For now make __GFP_ACCOUNT allocations bypass bulk page allocator. In
future if there is workload that can be significantly improved with the
bulk page allocator with __GFP_ACCCOUNT support, we can revisit the
decision.
Fixes: 5c1f4e690eec ("mm/vmalloc: switch to bulk allocator in __vmalloc_area_node()")
Signed-off-by: Shakeel Butt <[email protected]>
---
mm/page_alloc.c | 4 ++++
1 file changed, 4 insertions(+)
diff --git a/mm/page_alloc.c b/mm/page_alloc.c
index 668edb16446a..b3acad4615d3 100644
--- a/mm/page_alloc.c
+++ b/mm/page_alloc.c
@@ -5215,6 +5215,10 @@ unsigned long __alloc_pages_bulk(gfp_t gfp, int preferred_nid,
unsigned int alloc_flags = ALLOC_WMARK_LOW;
int nr_populated = 0, nr_account = 0;
+ /* Bulk allocator does not support memcg accounting. */
+ if (unlikely(gfp & __GFP_ACCOUNT))
+ goto out;
+
/*
* Skip populated array elements to determine if any pages need
* to be allocated before disabling IRQs.
--
2.33.0.882.g93a45727a2-goog
On Wed, Oct 13, 2021 at 12:43:38PM -0700, Shakeel Butt wrote:
> The commit 5c1f4e690eec ("mm/vmalloc: switch to bulk allocator in
> __vmalloc_area_node()") switched to bulk page allocator for order 0
> allocation backing vmalloc. However bulk page allocator does not support
> __GFP_ACCOUNT allocations and there are several users of
> kvmalloc(__GFP_ACCOUNT).
>
> For now make __GFP_ACCOUNT allocations bypass bulk page allocator. In
> future if there is workload that can be significantly improved with the
> bulk page allocator with __GFP_ACCCOUNT support, we can revisit the
> decision.
>
> Fixes: 5c1f4e690eec ("mm/vmalloc: switch to bulk allocator in __vmalloc_area_node()")

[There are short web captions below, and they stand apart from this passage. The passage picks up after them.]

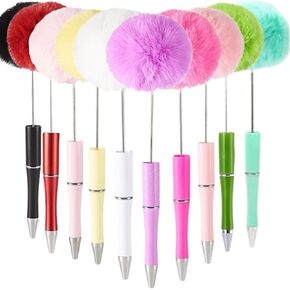 Furry Beadable Pens 10 Pcs Fancy Ballpoint Cool Beaded Pen for Women DIY Focal Beads Cute for Teen Girls Gifts Christmas Stockings Stuffers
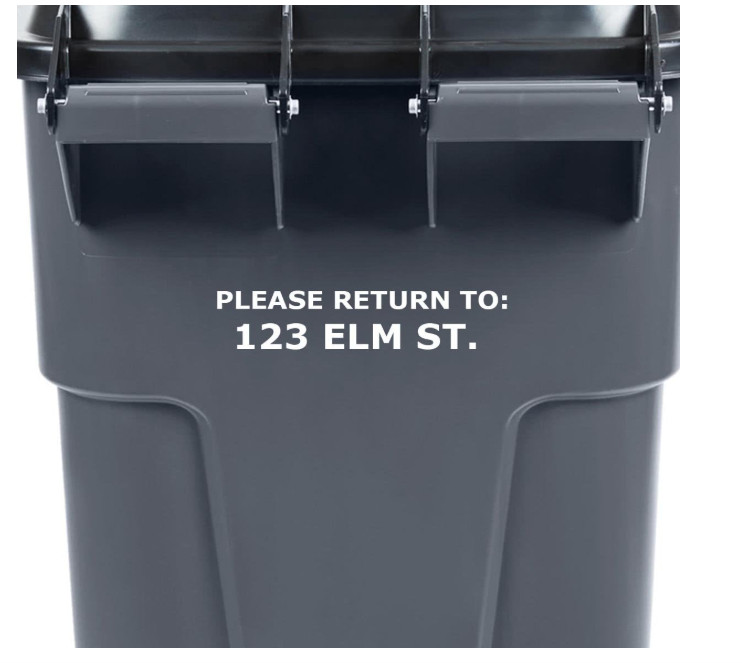 Custom Garbage Can Return Sticker Trash Can Address Vinyl Decal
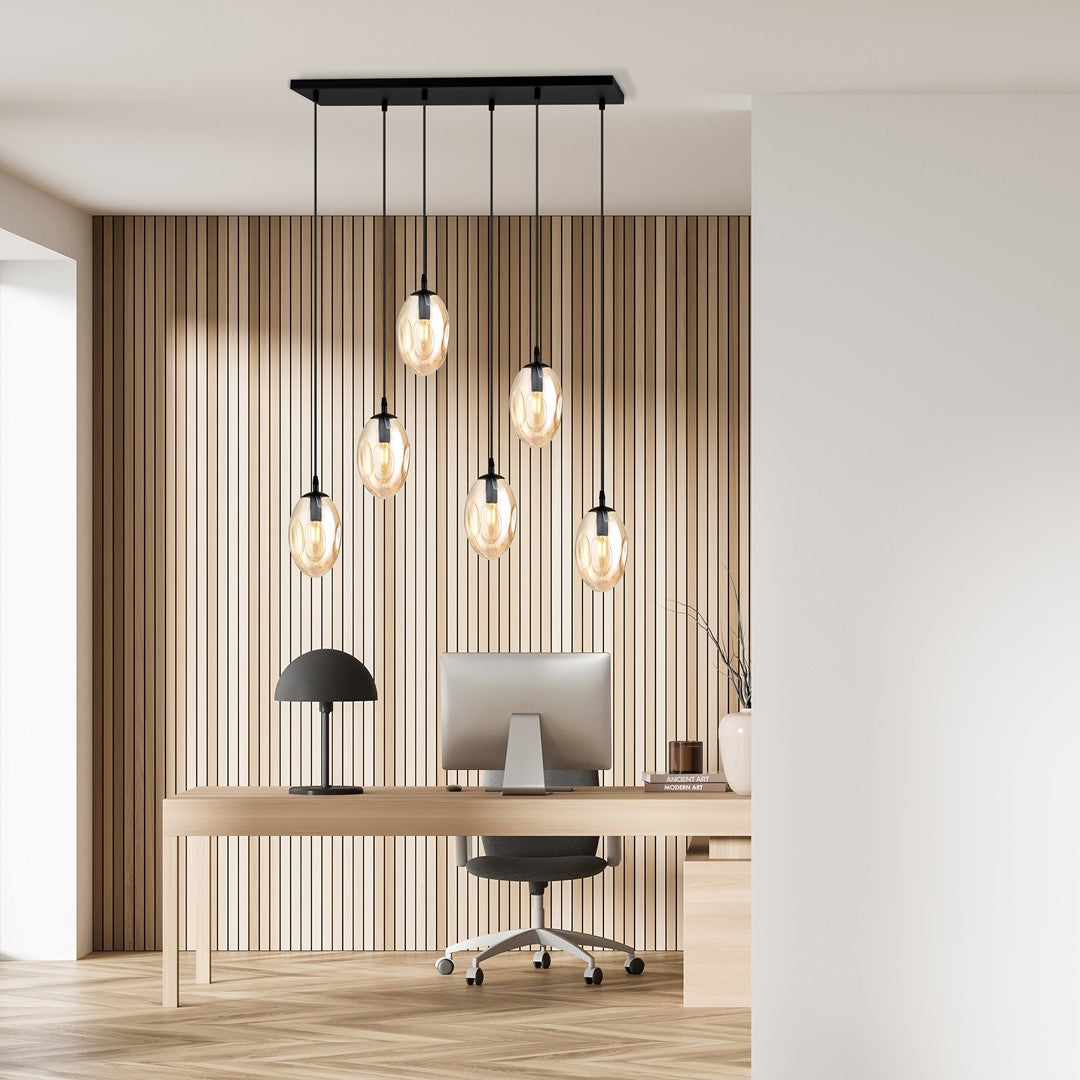Loftlampe ASTRAL 6 - Sort / Rav - Nordic Unique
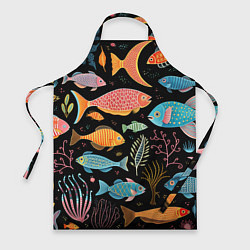 Фартук кулинарный Фолк-арт рыбовы, цвет: 3D-принт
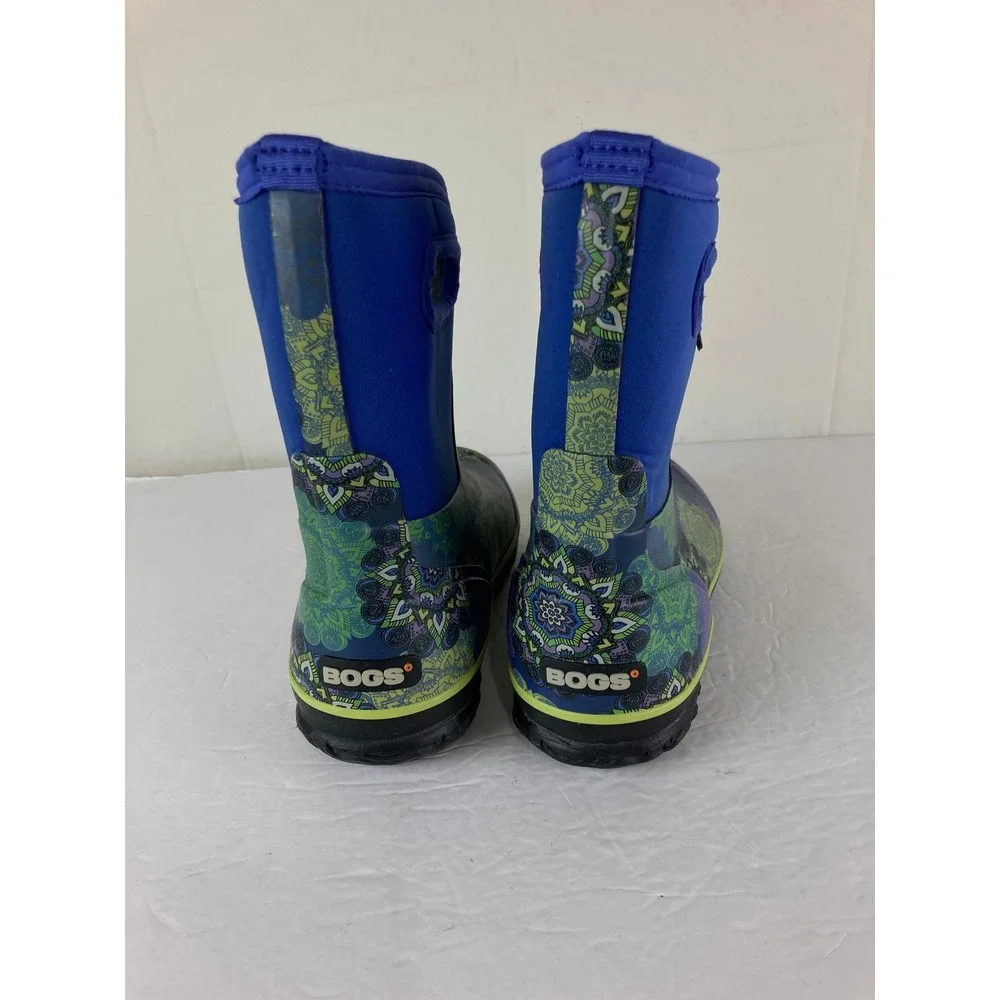 Bogs Classic Mid Mandala Rain Boots Womens 8 Blue Multi  Waterproof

> Signed-off-by: Shakeel Butt <[email protected]>
> ---
> mm/page_alloc.c | 4 ++++
> 1 file changed, 4 insertions(+)
>
> diff --git a/mm/page_alloc.c b/mm/page_alloc.c
> index 668edb16446a..b3acad4615d3 100644
> --- a/mm/page_alloc.c
> +++ b/mm/page_alloc.c
> @@ -5215,6 +5215,10 @@ unsigned long __alloc_pages_bulk(gfp_t gfp, int preferred_nid,
> unsigned int alloc_flags = ALLOC_WMARK_LOW;
> int nr_populated = 0, nr_account = 0;
>
> + /* Bulk allocator does not support memcg accounting. */
> + if (unlikely(gfp & __GFP_ACCOUNT))
> + goto out;
> +
Isn't it a bit too aggressive?
How about
if (WARN_ON_ONCE(gfp & __GFP_ACCOUNT))
gfp &= ~__GFP_ACCOUNT;
And maybe with some explanatory message?
Thanks!
On Wed, Oct 13, 2021 at 3:03 PM Roman Gushchin <[email protected]> wrote:
>
> On Wed, Oct 13, 2021 at 12:43:38PM -0700, Shakeel Butt wrote:
> > The commit 5c1f4e690eec ("mm/vmalloc: switch to bulk allocator in
> > __vmalloc_area_node()") switched to bulk page allocator for order 0
> > allocation backing vmalloc. However bulk page allocator does not support
> > __GFP_ACCOUNT allocations and there are several users of
> > kvmalloc(__GFP_ACCOUNT).
> >
> > For now make __GFP_ACCOUNT allocations bypass bulk page allocator. In
> > future if there is workload that can be significantly improved with the
> > bulk page allocator with __GFP_ACCCOUNT support, we can revisit the
> > decision.
> >
> > Fixes: 5c1f4e690eec ("mm/vmalloc: switch to bulk allocator in __vmalloc_area_node()")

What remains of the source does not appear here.